By the conclusion of this project, you will have learned how to automate data gathering, manage it effectively, and create visuals that breathe life into your data. Let’s dive in!
Why This Project Matters
The primary use case for this scraper is to scrap the IMDb’s Top 250 movies. Specifically, I aimed to extract the following details for each movie:
- Title
- Year
- Runtime
- Movie Time
- Rating Count
- IMDB_Rating
- Description
- Stars
- Directors
- ImageURL
Once extracted, this data is stored in a SQL Server database, which serves as the data source for Power BI. The visualization objectives include:
- Movies Rating through Rating-Count Report:Analyze the distribution of IMDb ratings against the number of ratings each movie has received.
- Director Rating Count out of IMDb Rating in Top 250 Movies:Assess the performance of directors based on the IMDb ratings of their movies within the Top 250 list.
- Stars Rating in Top 250 Movies through IMDb Rating:Evaluate the performance of actors and actresses by analyzing their movies’ IMDb ratings.
- Top Box Office Dashboards:
- Top Box Office Weekly Gross Out of Total Gross in Total Number of WeeksReport: Track weekly gross earnings of top movies against their total gross over multiple weeks.
- Maximum Rating Count out of IMDb Rating in Box Office:Identify movies with the highest number of ratings in relation to their IMDb ratings within box office performances.
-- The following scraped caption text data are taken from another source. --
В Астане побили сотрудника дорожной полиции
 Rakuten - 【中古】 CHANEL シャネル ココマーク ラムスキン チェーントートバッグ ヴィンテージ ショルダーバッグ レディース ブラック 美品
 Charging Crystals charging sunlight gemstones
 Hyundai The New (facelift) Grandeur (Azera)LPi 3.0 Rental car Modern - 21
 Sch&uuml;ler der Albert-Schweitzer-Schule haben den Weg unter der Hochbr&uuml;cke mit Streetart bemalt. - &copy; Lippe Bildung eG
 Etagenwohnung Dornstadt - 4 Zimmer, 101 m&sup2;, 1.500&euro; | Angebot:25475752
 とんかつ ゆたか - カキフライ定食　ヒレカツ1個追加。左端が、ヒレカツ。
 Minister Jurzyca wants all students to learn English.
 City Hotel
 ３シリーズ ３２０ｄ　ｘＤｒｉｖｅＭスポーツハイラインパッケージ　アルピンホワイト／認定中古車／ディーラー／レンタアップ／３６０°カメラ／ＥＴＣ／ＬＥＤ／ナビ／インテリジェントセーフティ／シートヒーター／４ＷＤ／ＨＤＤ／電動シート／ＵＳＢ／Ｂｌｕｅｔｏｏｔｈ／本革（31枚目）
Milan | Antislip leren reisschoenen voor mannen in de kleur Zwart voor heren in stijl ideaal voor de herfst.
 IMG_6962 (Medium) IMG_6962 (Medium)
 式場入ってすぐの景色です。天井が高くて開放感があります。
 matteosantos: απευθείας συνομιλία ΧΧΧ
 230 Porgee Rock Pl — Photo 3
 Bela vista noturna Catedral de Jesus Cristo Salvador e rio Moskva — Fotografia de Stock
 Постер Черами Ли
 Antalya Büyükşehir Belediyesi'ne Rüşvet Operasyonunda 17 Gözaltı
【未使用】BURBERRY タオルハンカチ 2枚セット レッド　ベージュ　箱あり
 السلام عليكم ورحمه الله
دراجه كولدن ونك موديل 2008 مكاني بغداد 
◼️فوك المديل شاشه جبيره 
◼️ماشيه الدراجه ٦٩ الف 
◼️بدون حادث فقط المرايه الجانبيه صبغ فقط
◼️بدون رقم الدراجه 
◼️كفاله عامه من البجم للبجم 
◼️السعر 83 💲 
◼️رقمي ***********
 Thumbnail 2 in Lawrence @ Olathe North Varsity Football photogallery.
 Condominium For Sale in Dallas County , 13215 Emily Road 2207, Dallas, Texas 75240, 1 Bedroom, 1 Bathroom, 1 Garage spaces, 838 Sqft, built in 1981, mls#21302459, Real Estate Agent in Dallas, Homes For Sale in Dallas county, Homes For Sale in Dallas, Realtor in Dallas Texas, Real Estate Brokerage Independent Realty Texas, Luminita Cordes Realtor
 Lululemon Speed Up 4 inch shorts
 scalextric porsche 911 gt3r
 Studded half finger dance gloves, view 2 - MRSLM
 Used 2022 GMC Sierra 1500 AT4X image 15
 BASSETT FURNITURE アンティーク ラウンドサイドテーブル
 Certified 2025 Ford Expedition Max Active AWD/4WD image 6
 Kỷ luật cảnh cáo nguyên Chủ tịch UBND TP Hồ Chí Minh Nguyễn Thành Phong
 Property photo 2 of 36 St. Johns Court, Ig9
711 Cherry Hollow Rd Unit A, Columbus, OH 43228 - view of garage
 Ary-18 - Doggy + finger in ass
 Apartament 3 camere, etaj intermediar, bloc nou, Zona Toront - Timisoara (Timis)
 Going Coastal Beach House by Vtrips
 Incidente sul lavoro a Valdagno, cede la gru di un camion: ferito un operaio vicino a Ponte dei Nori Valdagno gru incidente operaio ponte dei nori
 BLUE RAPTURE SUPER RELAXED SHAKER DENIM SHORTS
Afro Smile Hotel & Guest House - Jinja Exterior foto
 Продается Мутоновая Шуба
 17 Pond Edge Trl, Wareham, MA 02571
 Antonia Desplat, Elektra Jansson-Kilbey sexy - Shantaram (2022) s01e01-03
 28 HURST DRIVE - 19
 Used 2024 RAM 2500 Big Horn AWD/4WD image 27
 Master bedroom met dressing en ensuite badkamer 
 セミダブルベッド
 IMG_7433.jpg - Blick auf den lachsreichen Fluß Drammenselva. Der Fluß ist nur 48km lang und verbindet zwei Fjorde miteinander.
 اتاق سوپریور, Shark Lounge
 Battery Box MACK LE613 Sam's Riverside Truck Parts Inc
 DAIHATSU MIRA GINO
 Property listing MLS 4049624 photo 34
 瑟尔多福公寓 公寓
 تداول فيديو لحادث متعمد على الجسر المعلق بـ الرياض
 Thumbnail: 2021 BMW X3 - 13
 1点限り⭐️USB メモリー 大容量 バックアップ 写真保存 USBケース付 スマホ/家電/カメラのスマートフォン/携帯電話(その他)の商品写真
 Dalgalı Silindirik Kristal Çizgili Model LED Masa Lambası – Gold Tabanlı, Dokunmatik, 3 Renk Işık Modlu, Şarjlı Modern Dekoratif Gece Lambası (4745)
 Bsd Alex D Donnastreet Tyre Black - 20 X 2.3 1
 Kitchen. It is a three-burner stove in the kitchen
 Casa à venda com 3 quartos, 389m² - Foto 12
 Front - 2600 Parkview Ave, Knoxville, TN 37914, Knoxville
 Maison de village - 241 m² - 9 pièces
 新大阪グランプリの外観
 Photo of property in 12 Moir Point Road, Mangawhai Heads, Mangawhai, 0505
- Stars Rating Count out of Total IMDb Rating in Box Office:Analyze how actors’ or actresses’ movies perform in terms of IMDb ratings within the box office segment.
- Directors Rating Count out of Total IMDb Rating in Box Office:Assess directors’ performance based on the IMDb ratings of their box office movies.
Tools and Technologies for my Project
In this project, several key tools and technologies were utilized to achieve efficient data scraping, storage, and visualization.
Selenium:
It was employed to automate browser interactions for scraping data from websites like IMDb. It enabled seamless navigation through web pages, extraction of data using specific selectors, and interaction with various web elements, significantly reducing the manual effort required to gather comprehensive movie details.
WebDriver Manager:
It was integrated to manage the browser driver automatically. It streamlined the process by downloading and configuring the correct version of ChromeDriver, which eliminated the need for manual handling and ensured compatibility with the installed version of Google Chrome. This not only saved time but also minimized potential errors related to driver mismatches.
Pyodbc:
To connect the project to an SQL database, pyodbc was utilized. This library facilitated the storage and retrieval of scraped movie data in a structured format within the database. By providing a reliable interface to interact with SQL Server, pyodbc ensured that data could be efficiently managed, queried, and maintained for future analysis.
Pandas(pd):
Lastly, Pandas (pd) played a crucial role in manipulating and analyzing the scraped data. With its powerful data structures and functions, Pandas allowed for the cleaning, transformation, and preparation of data for visualization and storage in the SQL database. This ensured that the data was in an optimal state for generating insightful visualizations and performing detailed analyses.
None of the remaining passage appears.